Let’s first test stored procedures:


mysql> show create table SH_Part\G
*************************** 1. row ***************************
       Table: SH_Part
Create Table: CREATE TABLE `SH_Part` (
  `Model` int(11) NOT NULL,
  `ProductID` int(11) NOT NULL,
  `Serial_Number` char(12) NOT NULL,
  `Sub_Category` char(5) NOT NULL,
  `Version` int(11) NOT NULL,
  `Part_Name` char(24) NOT NULL,
  `Comment1` char(30) NOT NULL,
  `Price` double NOT NULL,
  `VendorID` int(11) NOT NULL
) ENGINE=MyISAM DEFAULT CHARSET=latin1
1 row in set (0.00 sec)

mysql> delimiter //
mysql> create procedure testing ()
    -> begin
    -> select count(*) from SH_Part;
    -> end
    -> //
Query OK, 0 rows affected (0.03 sec)

mysql> delimiter ;
mysql> call testing();
+----------+
| count(*) |
+----------+
|    40000 |
+----------+
1 row in set (0.00 sec)

Query OK, 0 rows affected (0.00 sec)

Now, how about a trigger that encrypts data on insert:


mysql> create table test (userid int, username varchar(20), userssn varchar(15));
Query OK, 0 rows affected (0.00 sec)

mysql> delimiter //
mysql> create trigger t_test_insert before insert on test
    -> for each row
    -> begin
    -> set NEW.userssn = aes_encrypt(NEW.userssn,'password');
    -> end
    -> //
Query OK, 0 rows affected (0.01 sec)

mysql> delimiter ;
mysql>  insert into test values (1, 'robin','432123454');
Query OK, 1 row affected, 0 warning (0.01 sec)

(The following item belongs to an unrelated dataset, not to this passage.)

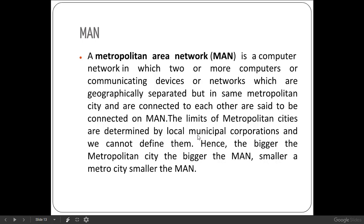A Metropolitan Area Network (MAN) is a computer network in which two or more computers or communicating devices that are geographically separated but within the same metropolitan city are connected to each other. The limits of a metropolitan city are determined by the local municipal corporation and cannot be strictly defined — hence the bigger the metropolitan city, the bigger the MAN. In most exam cases, we consider a range of more than 1 km up to 100 km.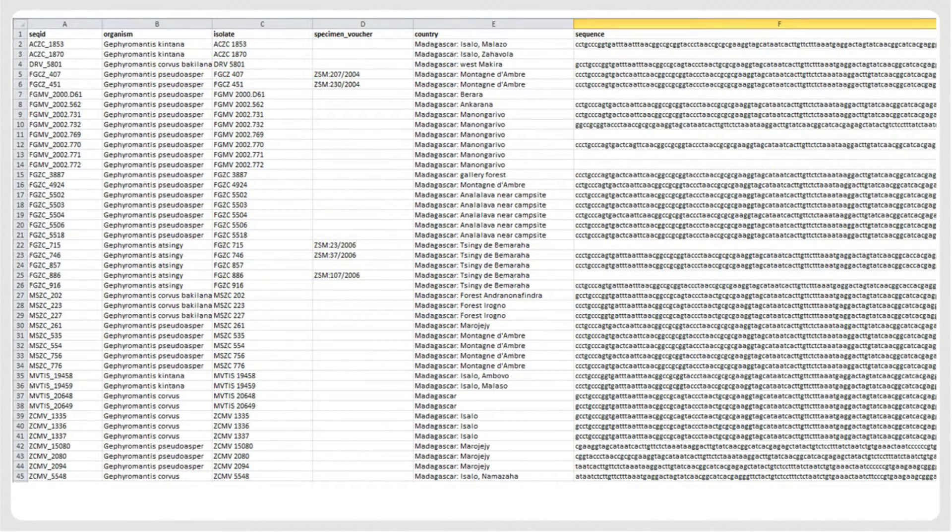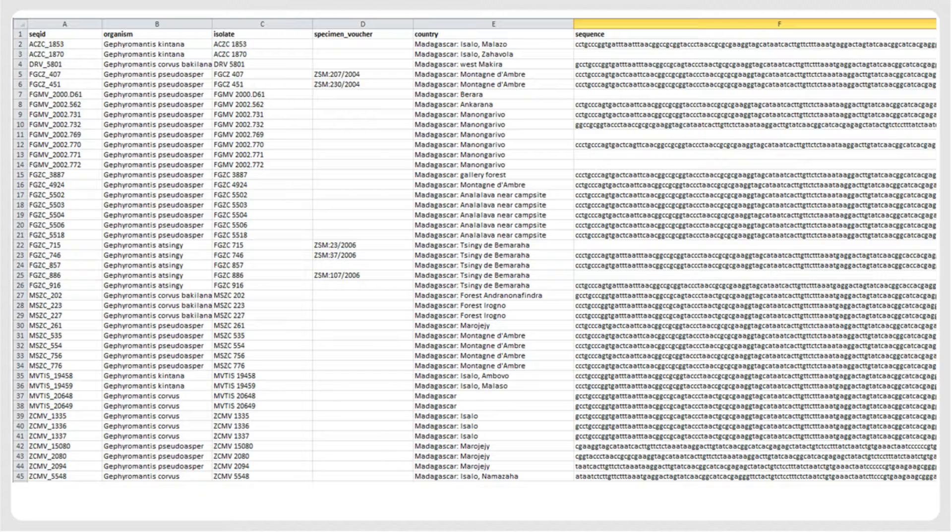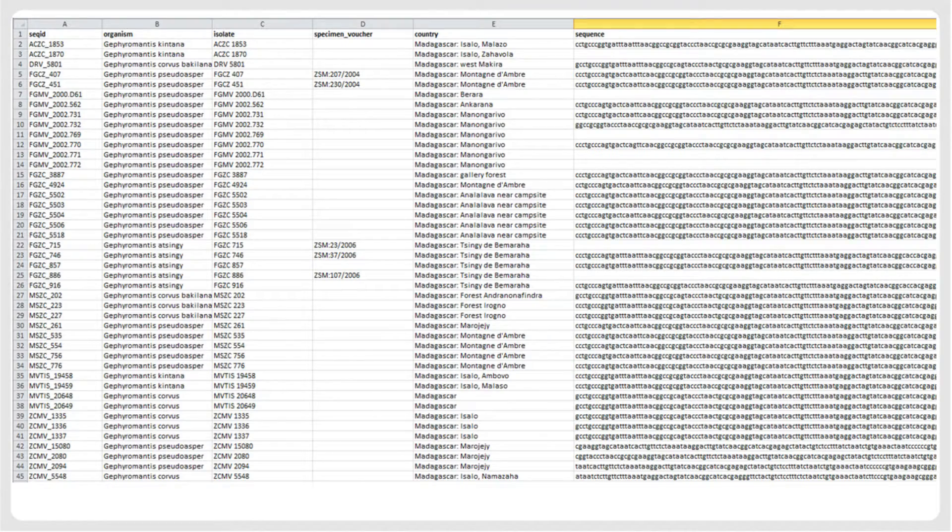When preparing the GenBank formatted FASTA file, remove all previously published sequences that may have been included in your table. The column containing the sequence should be named Sequence. The first column should be a unique identifier for each sequence called SecID, which serves to identify the sequence during the submission process. Although there are ways to submit sequences of different markers simultaneously, we highly recommend including only sequences of one marker in one submission, as we will do in this tutorial. For sequences of other markers, the process will then need to be repeated.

mysql> select * from test;
+--------+----------+--------------------+
| userid | username | userssn              |
+--------+----------+--------------------+
|      1 | robin    | O╗¿▓A"⌡╕Qi►ô╫█v |
+--------+----------+--------------------+
1 row in set (0.00 sec)

Let’s now finish our test with a view creation:


mysql> create view v_test as select userid, username,
    -> aes_decrypt(userssn,'password') as userssn
    -> from test;
Query OK, 0 rows affected (0.00 sec)

mysql> select * from v_test;
+--------+----------+--------------+
| userid | username | userssn    |
+--------+----------+--------------+
|      1 | robin    | 432123454       |
+--------+----------+--------------+
1 row in set (0.00 sec)

We could continue on with all other MySQL 5.0 features, but the above tests should suffice to prove beyond any doubt that new 5.0 features such as stored procedures, triggers, and views are not dependent on InnoDB.